Pictures with short captions:
————

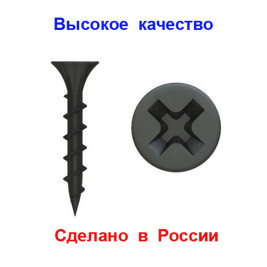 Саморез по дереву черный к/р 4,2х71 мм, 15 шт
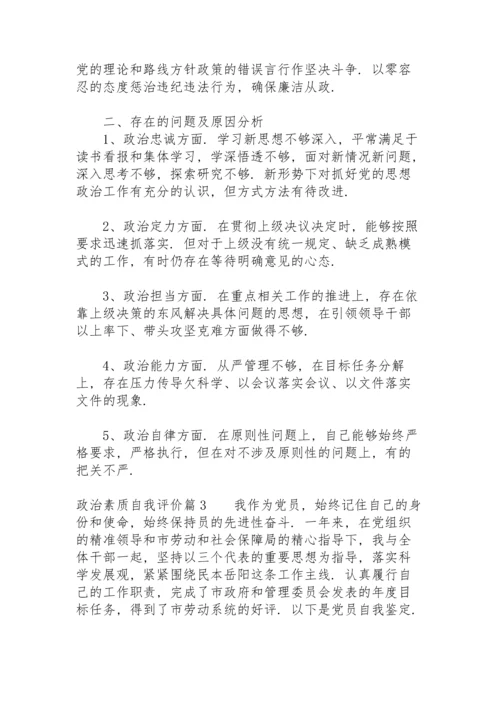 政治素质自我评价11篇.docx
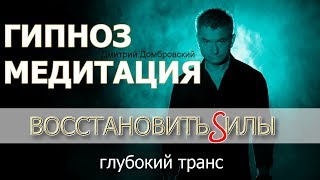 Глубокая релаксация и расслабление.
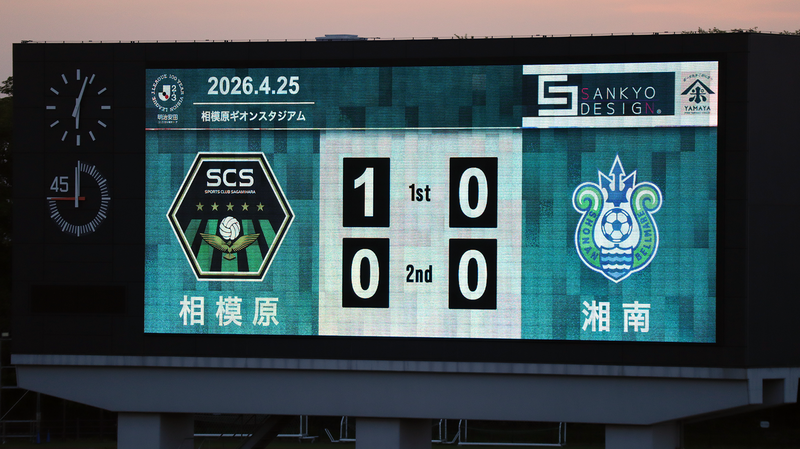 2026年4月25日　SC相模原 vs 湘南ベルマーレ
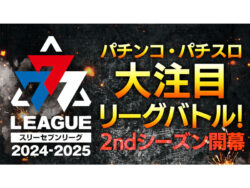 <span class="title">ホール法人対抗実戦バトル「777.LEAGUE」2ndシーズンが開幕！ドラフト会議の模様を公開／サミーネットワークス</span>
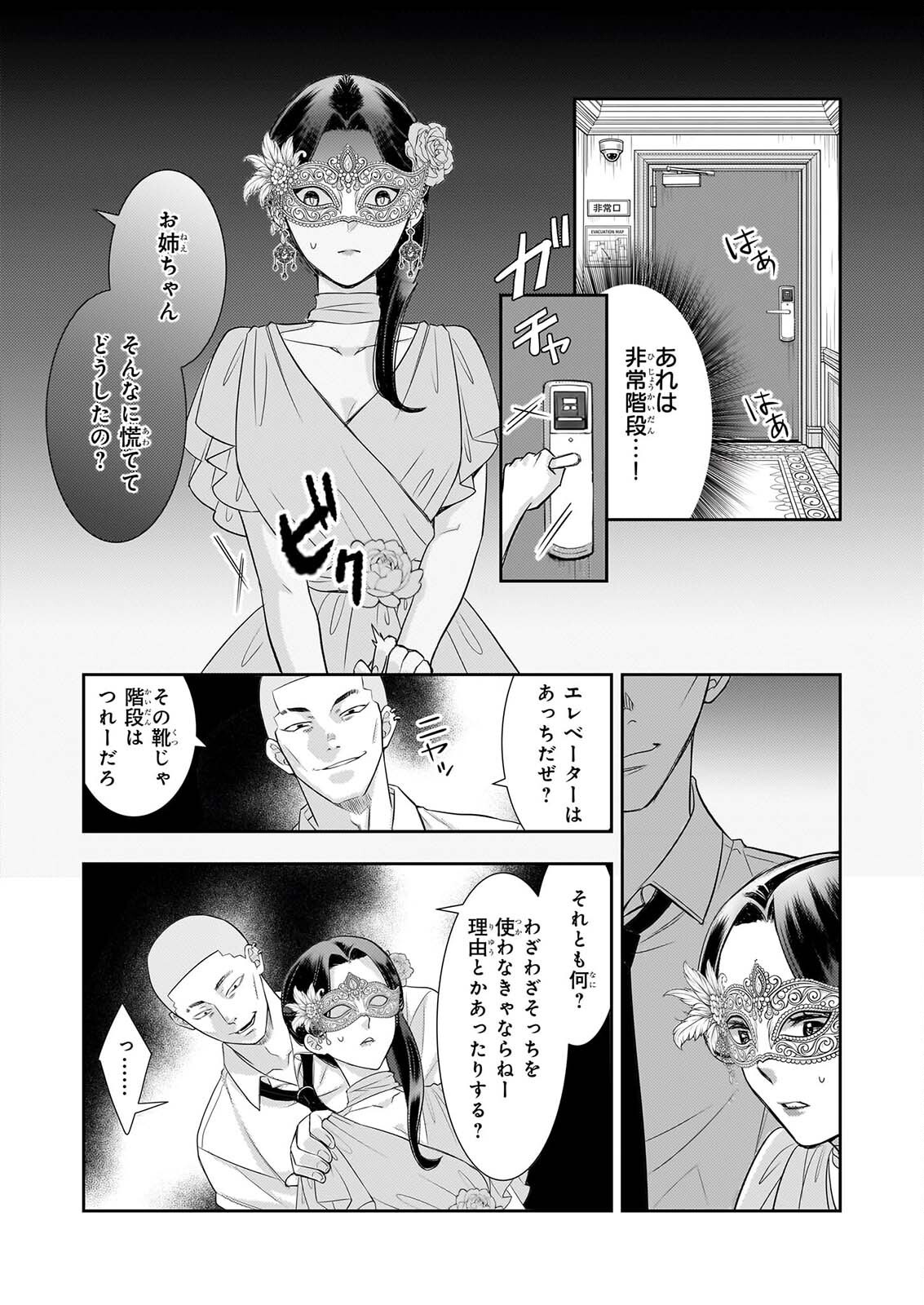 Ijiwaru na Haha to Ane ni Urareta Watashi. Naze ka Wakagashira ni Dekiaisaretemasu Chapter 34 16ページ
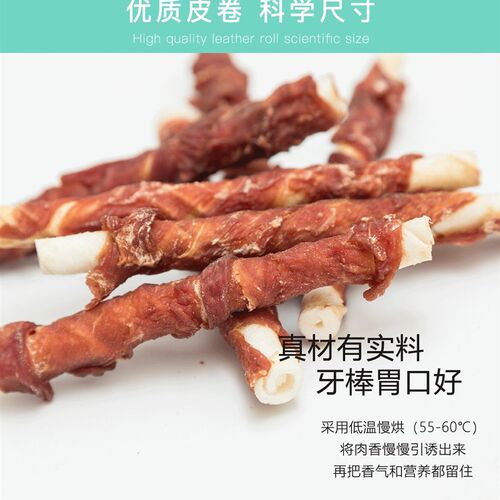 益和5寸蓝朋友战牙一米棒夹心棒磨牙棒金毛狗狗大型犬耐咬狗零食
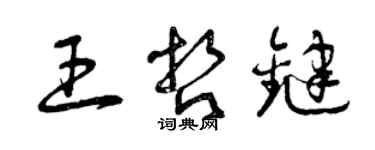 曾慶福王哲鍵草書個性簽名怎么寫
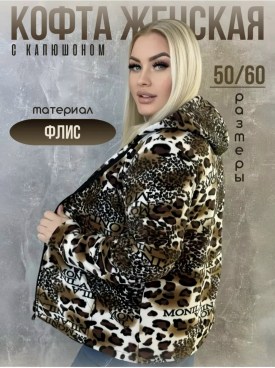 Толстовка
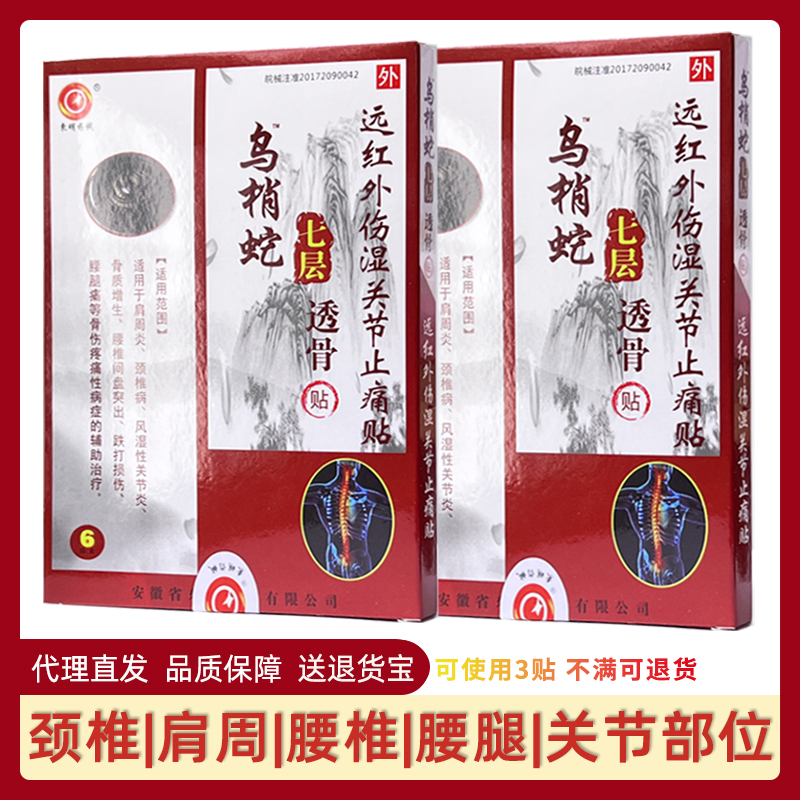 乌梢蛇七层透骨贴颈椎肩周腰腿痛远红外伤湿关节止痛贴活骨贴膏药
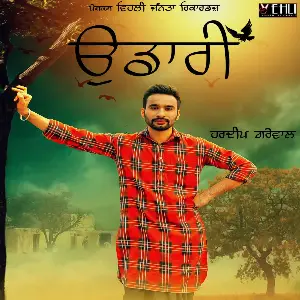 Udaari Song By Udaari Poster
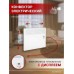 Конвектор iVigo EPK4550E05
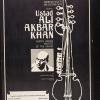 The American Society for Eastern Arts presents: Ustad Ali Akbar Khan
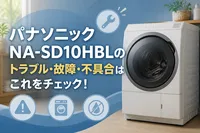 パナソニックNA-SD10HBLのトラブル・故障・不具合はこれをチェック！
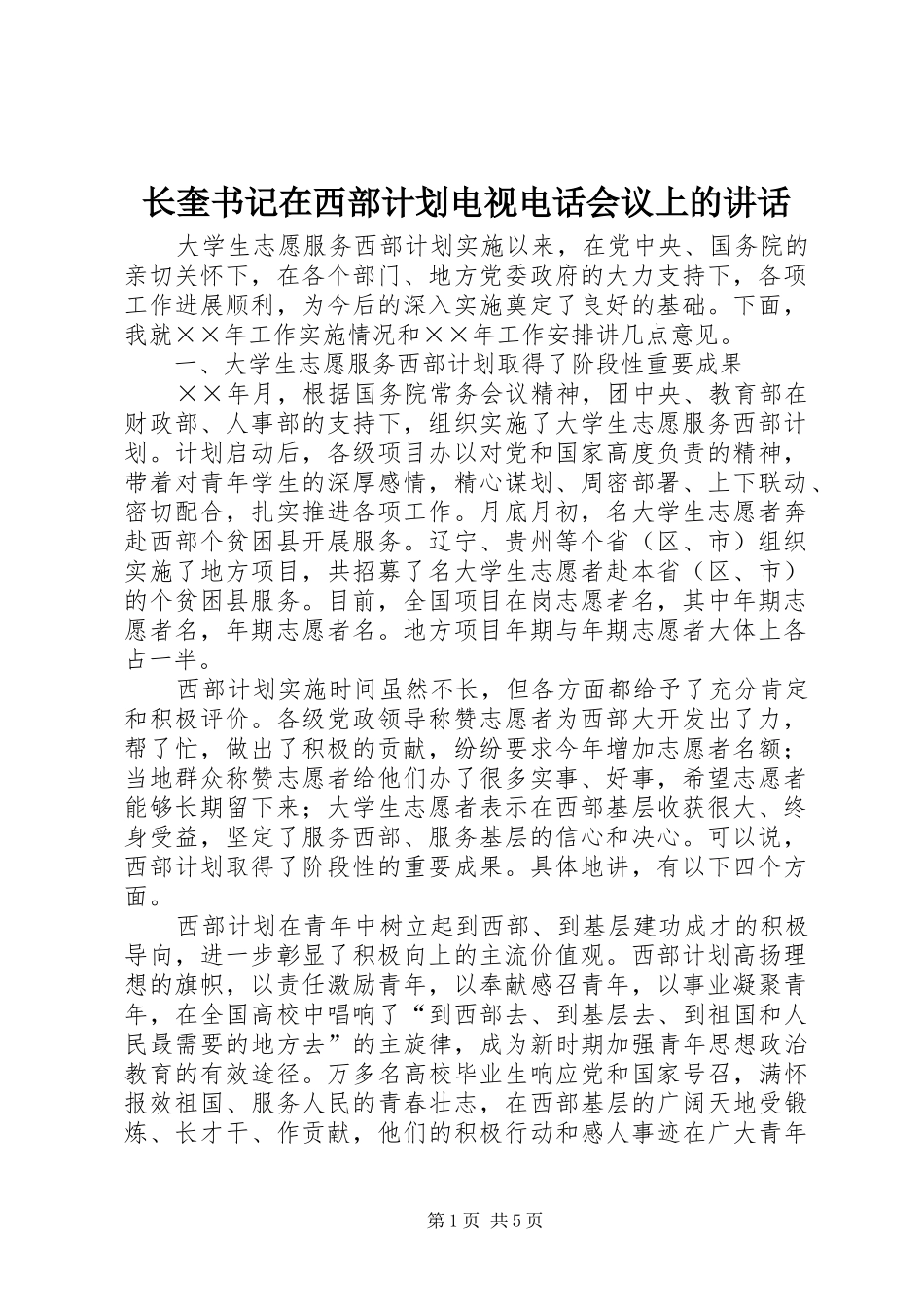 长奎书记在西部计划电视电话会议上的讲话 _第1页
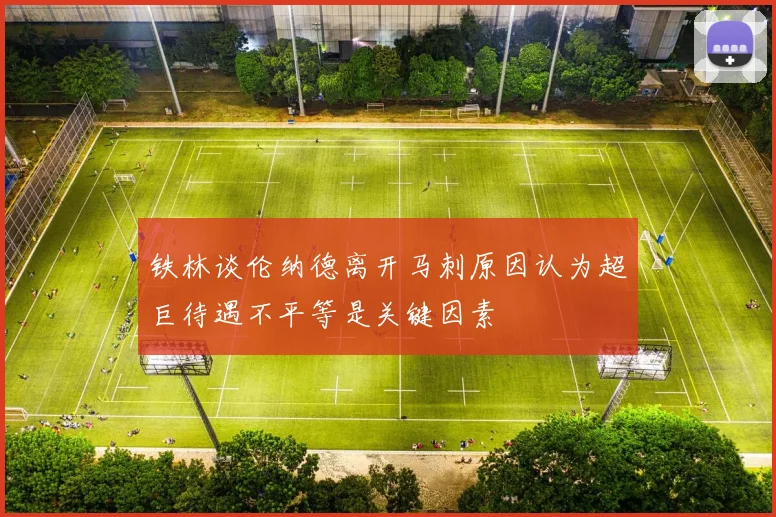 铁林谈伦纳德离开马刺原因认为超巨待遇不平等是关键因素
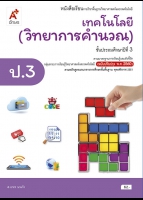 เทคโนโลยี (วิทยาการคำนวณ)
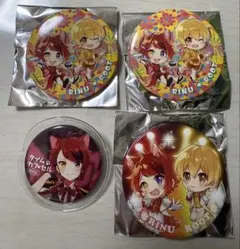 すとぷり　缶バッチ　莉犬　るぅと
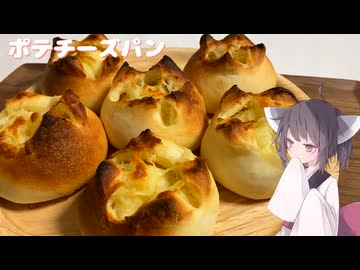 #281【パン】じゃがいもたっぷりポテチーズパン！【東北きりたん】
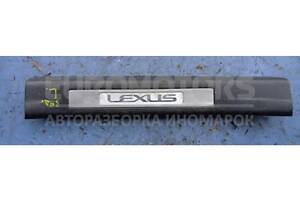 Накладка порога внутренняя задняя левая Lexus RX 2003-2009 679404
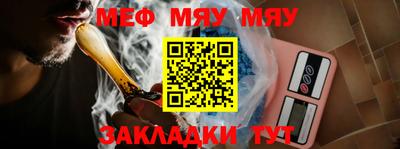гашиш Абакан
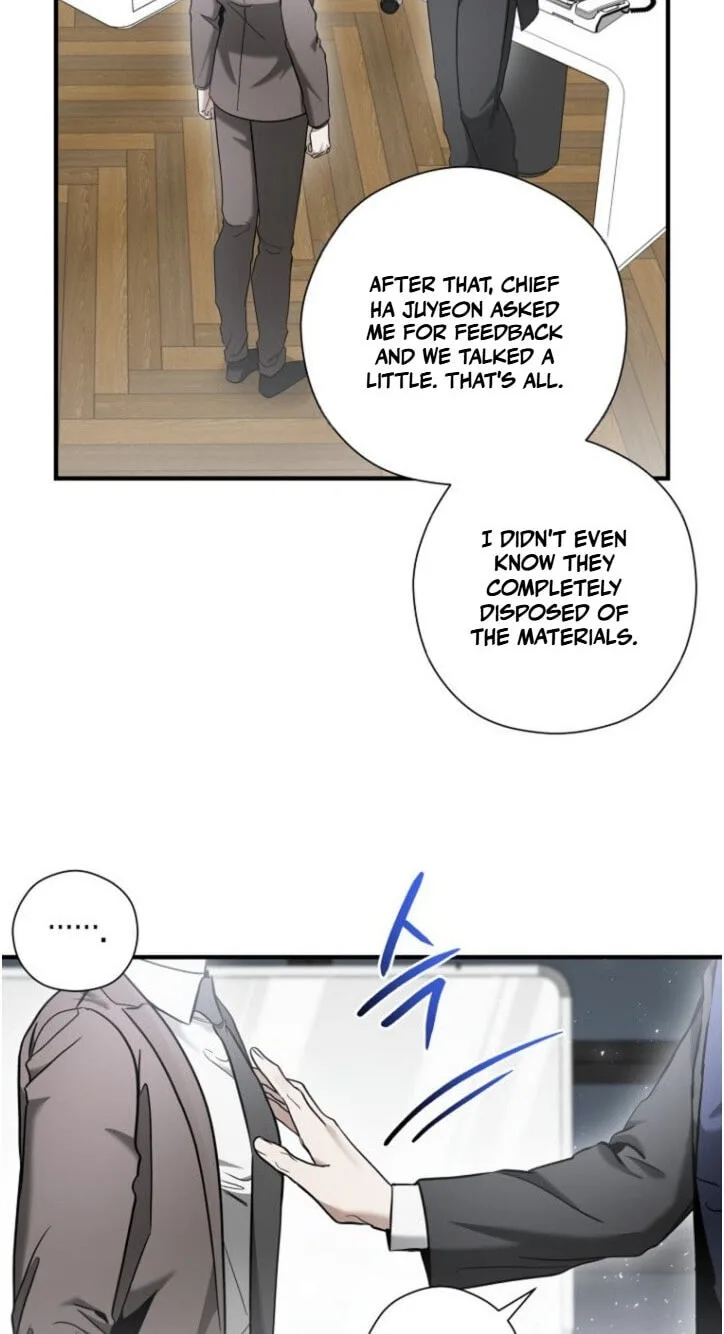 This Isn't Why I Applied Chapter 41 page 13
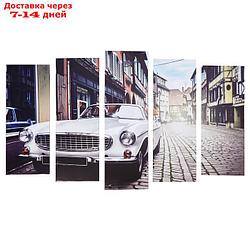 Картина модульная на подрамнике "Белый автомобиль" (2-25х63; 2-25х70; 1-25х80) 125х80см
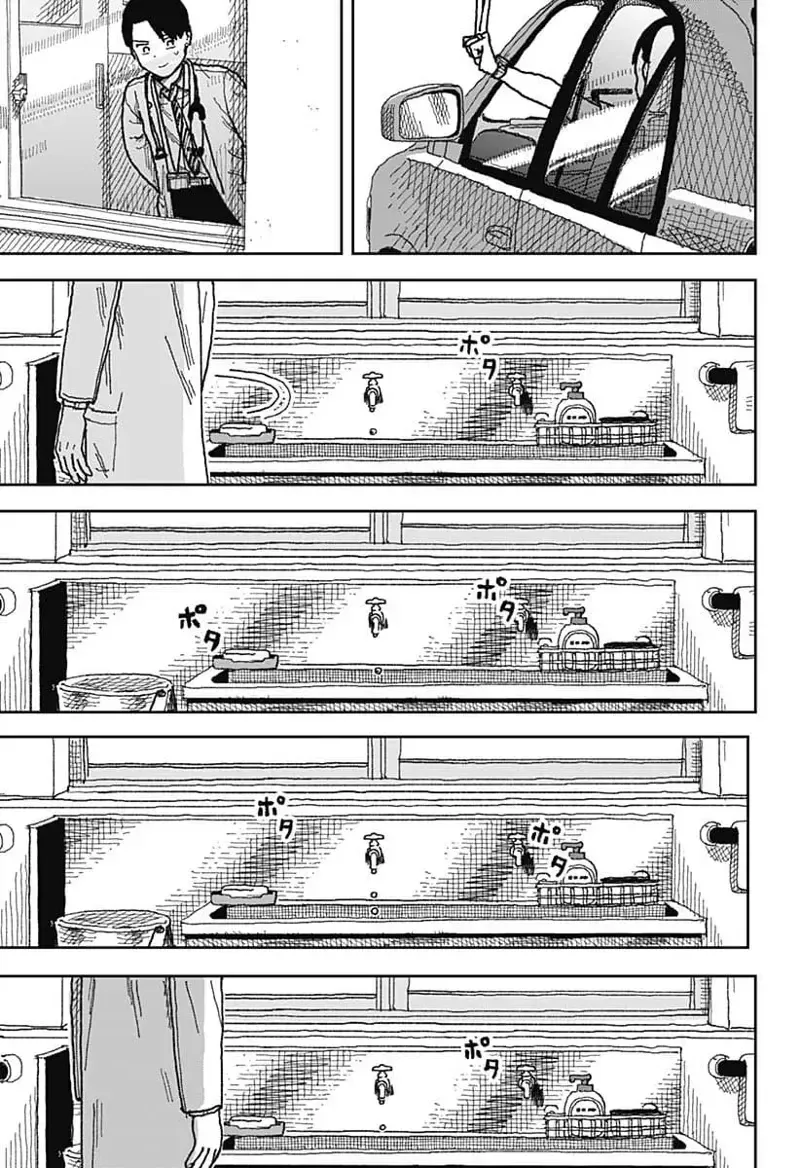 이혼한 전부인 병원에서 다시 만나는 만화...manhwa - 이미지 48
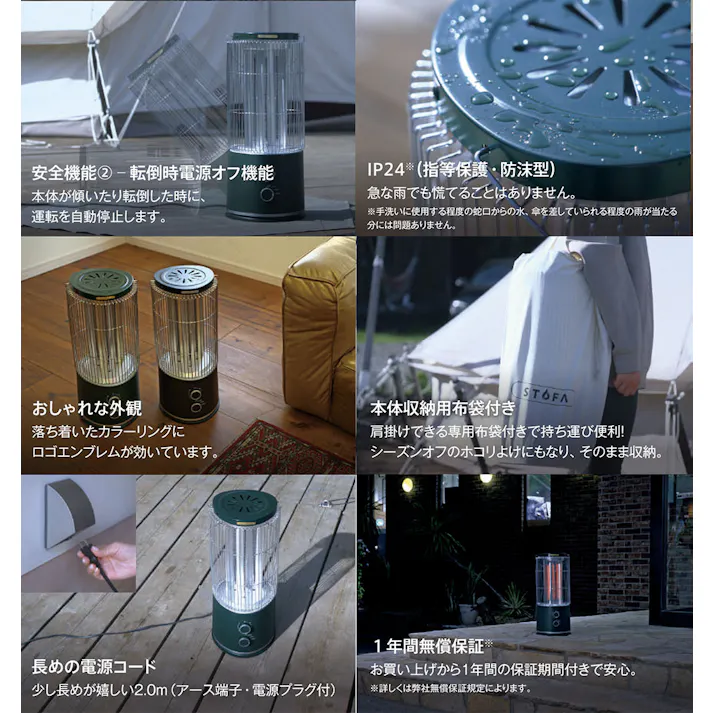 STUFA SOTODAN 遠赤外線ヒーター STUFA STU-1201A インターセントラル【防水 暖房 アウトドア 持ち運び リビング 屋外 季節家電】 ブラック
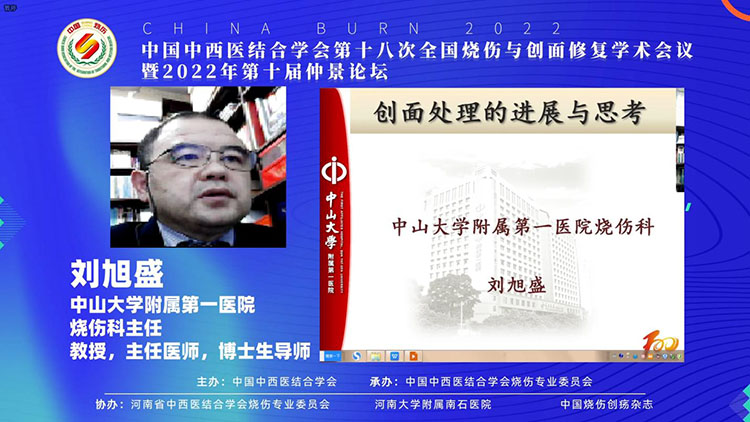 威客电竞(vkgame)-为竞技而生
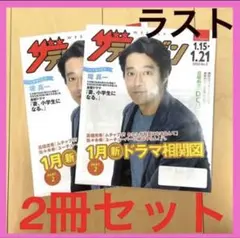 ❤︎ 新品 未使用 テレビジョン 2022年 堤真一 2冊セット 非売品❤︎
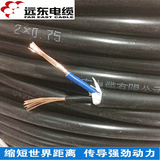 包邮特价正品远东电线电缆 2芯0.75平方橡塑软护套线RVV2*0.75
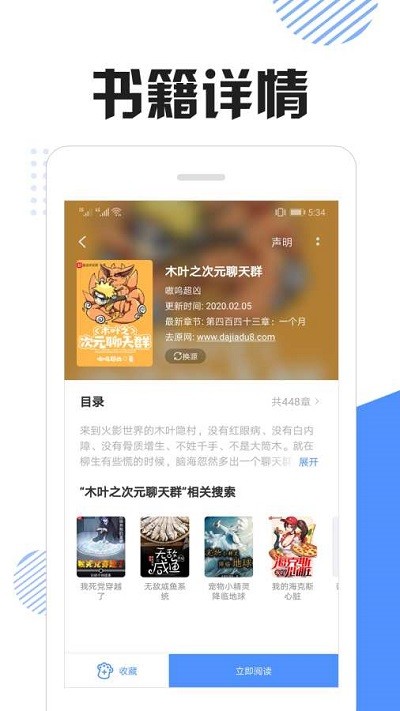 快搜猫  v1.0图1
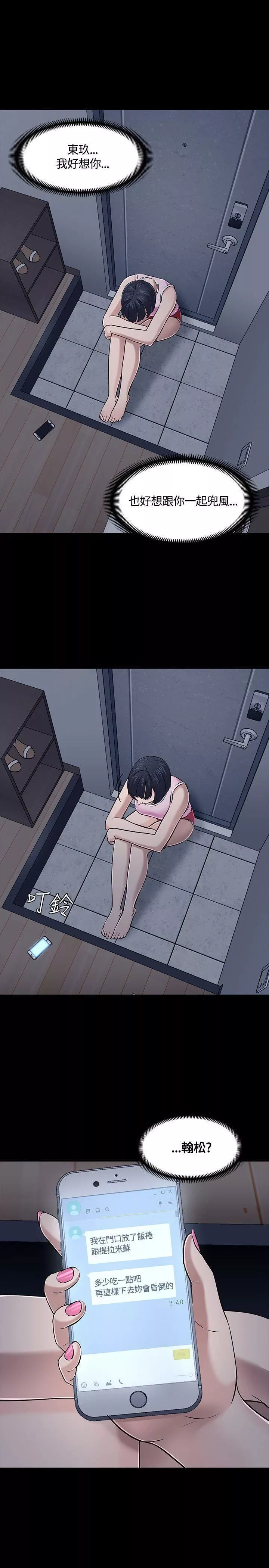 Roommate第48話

————

In the records above, find the line that contains "パナソニックNA-SD10HBLのトラブル・故障・不具合はこれをチェック！", then write it out along with every line after it, exactly, through the last one. Leave the pictures out.

 パナソニックNA-SD10HBLのトラブル・故障・不具合はこれをチェック！
 长奎书记在西部计划电视电话会议上的讲话 _第1页
 铁林谈伦纳德离开马刺原因认为超巨待遇不平等是关键因素
 เทคโนโลยี (วิทยาการคำนวณ)
 すとぷり　缶バッチ　莉犬　るぅと
 #281【パン】じゃがいもたっぷりポテチーズパン！【東北きりたん】
 Накладка порога внутренняя задняя левая Lexus RX 2003-2009 679404
гашиш Абакан
 This Isn't Why I Applied Chapter 41 page 13
 Картина модульная на подрамнике "Белый автомобиль" (2-25х63; 2-25х70; 1-25х80) 125х80см
 이혼한 전부인 병원에서 다시 만나는 만화...manhwa - 이미지 48
 STUFA SOTODAN 遠赤外線ヒーター STUFA STU-1201A インターセントラル【防水 暖房 アウトドア 持ち運び リビング 屋外 季節家電】 ブラック
 威客电竞(vkgame)-为竞技而生
 ❤︎ 新品 未使用 テレビジョン 2022年 堤真一 2冊セット 非売品❤︎
 包邮特价正品远东电线电缆 2芯0.75平方橡塑软护套线RVV2*0.75
 快搜猫  v1.0图1
 Roommate第48話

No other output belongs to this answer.